16 January 2018

Quartz: Electricity from all forms of renewables will be consistently cheaper than fossil fuels by 2020

Today, fossil-fuel power typically costs between $0.05 to $0.17 per kWh. By comparison, consider the global-weighted average cost of electricity generated by various forms of renewables in 2017, as calculated by Irena: hydropower ($0.05 per kWh), onshore wind ($0.06 per kWh), bioenergy and geothermal ($0.07 per kWh), and solar photovoltaics ($0.10 per kWh).

Offshore wind and solar thermal power aren’t yet competitive with fossil fuels, but that should change by 2020, Irena predicts, with the cost of solar thermal falling to $0.06 per kWh and offshore wind to $0.10 per kWh. The drivers will be technology development, competitive bidding systems, and large base of experienced project developers across the world. [...]

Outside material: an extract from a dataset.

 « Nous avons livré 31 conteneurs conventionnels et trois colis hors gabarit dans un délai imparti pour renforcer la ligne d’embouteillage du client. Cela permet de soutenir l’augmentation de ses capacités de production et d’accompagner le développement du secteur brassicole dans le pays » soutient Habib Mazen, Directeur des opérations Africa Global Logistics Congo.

Varun Sivaram, an expert in solar power at the Council on Foreign Relations, has shown that intermittent power sources suffer from value deflation as they become more important in the energy mix. In a simulation of California’s power market, he found that “when a grid relies on solar power for 15% of its total energy needs, the value of solar falls by more than half,” Sivaram writes in his upcoming book Taming the Sun. “At 30% solar power, solar’s value declines by more than two-thirds.”